Герман Ларош так говорит об Одоевском: «…это был поэтический и кроткий старичок, очаровательно любезный, полный доброты, склонный к энтузиазму, приветливый ко всем, а в особенности к молодому таланту, и в то же время поражавший многосторонней учёностью и отзывчивостью. Кабинет его, полный книг, музыкальных инструментов, чучел и каких-то непонятных нам физических аппаратов, походил на комнату Фауста. Да и сам Одоевский со своей ненасытной жаждой знания и идеальным полётом души имел в себе нечто фаустовское. При этом он любил общество и хотя был небогат, охотно давал маленькие обеды, к которым иногда сам приготовлял какое-нибудь экстренное, выдуманное им блюдо. По пятницам вечером у него собирались гости, и здесь наряду с великосветской красавицей, приехавшей в вырезном лифе, можно было видеть скромных учёных, артистов, даже учеников консерватории, одетых, во что Бог послал. Хотя княгиня всегда присутствовала, но чай князь делал сам, причем словесно учил, как наливать; сначала класть сахар, потом лимон, потом налить горячей воды и уже потом крепкого чая. В музыке он не принадлежал ни к какой партии: как его двери для всех сословий, так его сердце было открыто для всякого серьёзного направления. Кажется, что при своей энциклопедической отзывчивости, живости ума и склонности во всем находить хорошее, он и сам затруднился бы сказать, какое из современных направлений ему больше нравится. Влияния на молодое поколение он не имел никакого, для этого требуется энергия и резкость, соединенные с некоторою односторонностью, качества чуждые его богатой и уступчивой натуре».

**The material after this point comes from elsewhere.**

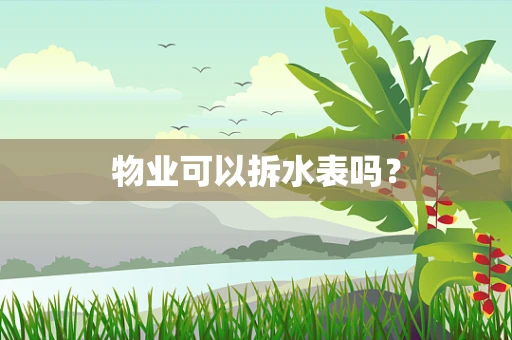 物业可以拆水表吗？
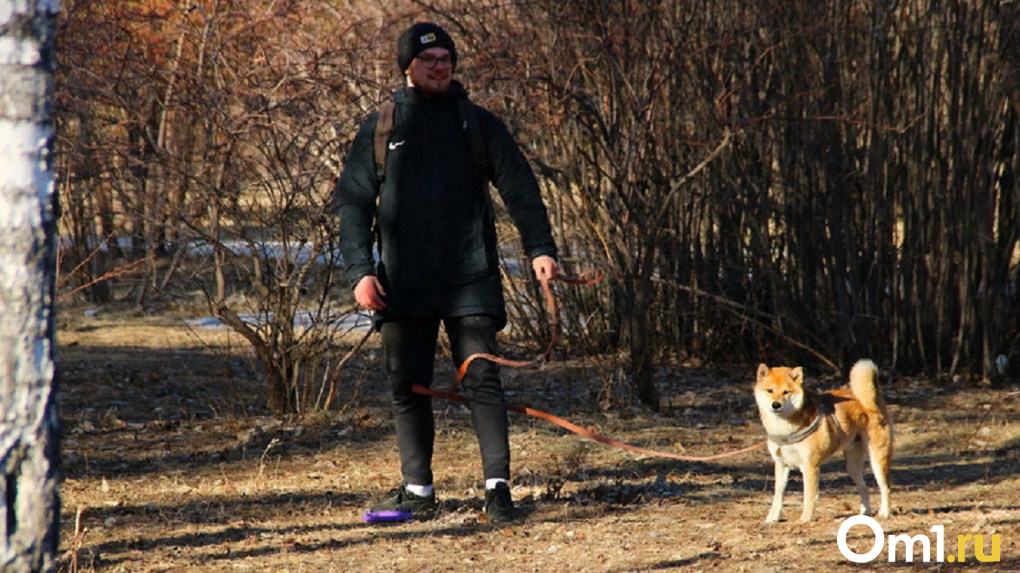 Топ заведений dog-friendly: куда в Омске пускают с собакой?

Князь Одоевский с большой симпатией принял Чайковского под своё покровительство. Пётр Ильич был горд этим вниманием и всю жизнь благоговел к памяти князя, поощрявшего его первые шаги на композиторском поприще. В 1878 г. в одном из писем он так говорит о князе Одоевском: «Это одна из самых светлых личностей, с которыми меня сталкивала судьба. Он был олицетворение сердечной доброты, соединённой с огромным умом и всеобъемлющими знаниями, между прочим, музыки. Мне кажется, что ещё так недавно видел я его благодушное и милое лицо! За четыре дня до смерти он был на концерте, где исполнялась моя оркестровая фантазия «Фатум» – очень слабая вещь. С каким благодушием он мне сообщил свои замечания в антракте. В консерватории хранятся «тарелки», подаренные мне им и им самим отысканные где-то. Он находил, что я обладаю умением кстати употреблять этот инструмент, но был недоволен самим инструментом. И вот, чудный старичок пошёл бродить по Москве – отыскивать тарелки, которые и прислал при прелестном, хранящемся у меня письме».

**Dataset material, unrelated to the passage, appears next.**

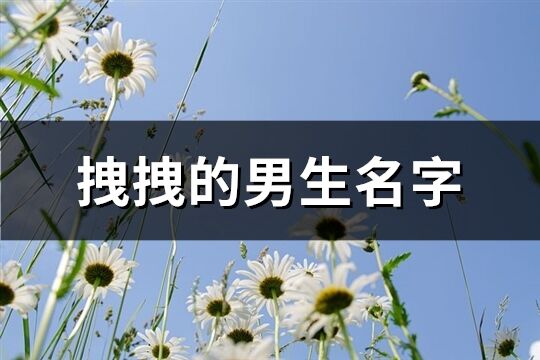 拽拽的男生名字(共924个)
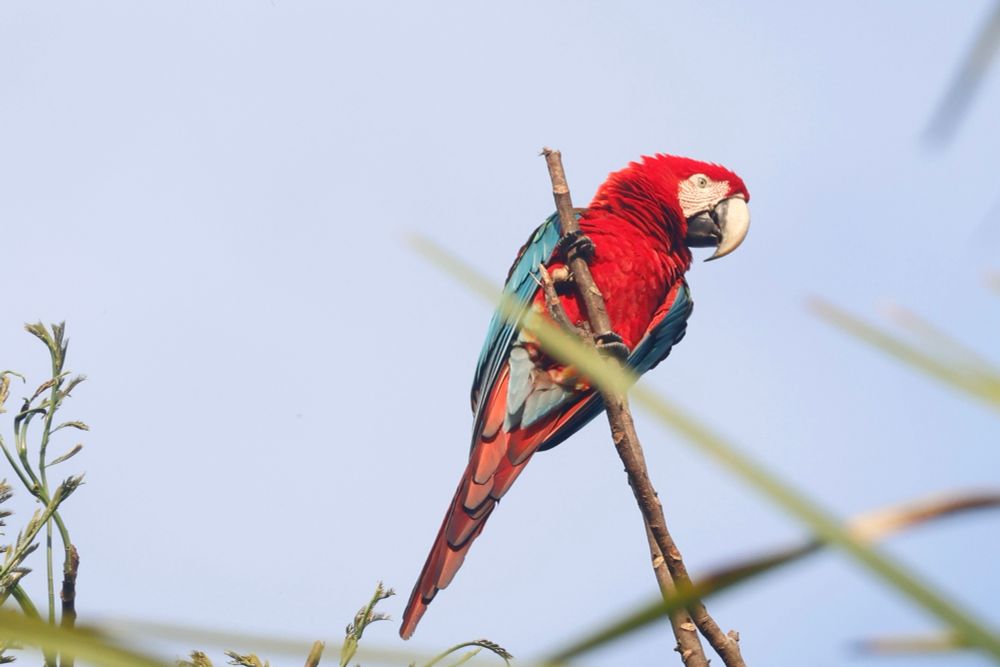 Red-and-green Macaw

Вот это письмо князя В. Ф. Одоевского к П. Чайковскому от 9-го февраля 1869 г.:
«Многоуважаемый Пётр Ильич! Я уже, кажется, вам говорил, что театральный «тарелыцик» портит вашу прелестную музыку безобразными ударами, за что я даже долгом счёл сделать отеческое внушение ему, что, по-настоящему, было бы прямым делом г. капельмейстера: он бьет в piatti по-балаганному, а не косвенно, тогда как лишь в косвенном направлении piatti дают хотя колокольный (смешанный), но все же музыкальный звук, который (т. е. господствующий) я даже поймал в резонатор. Правда, что театральные тарелки зазубрены (ebreches) и трудно их бить как следует. На таковом основании и в награду за ваше хорошее поведение (т. е. за мастерское сочинение музыки «Воеводы») позвольте поднести вам «пару тарелок», которые я выбрал с нарочитым тщанием; их звук, по резонатору, между фа и соль (как мне слышится, по крайней мере эти звуки господствуют). Делайте с ними, что хотите, велите употреблять при представлении вашей оперы, дайте в распоряжение консерватории – словом, спорить и прекословить не буду. Если же и затем «тарелыщик» будет бить в прямом направлении (когда именно в партитуре не обозначено, что требуется сухой звук) то, поелику это инструмент «турецкий», то и по «турецкому обычаю» (alia turca) следует наказать его, т. е. посадить на кол.
Всею душою уважающий вас кн. В. О.».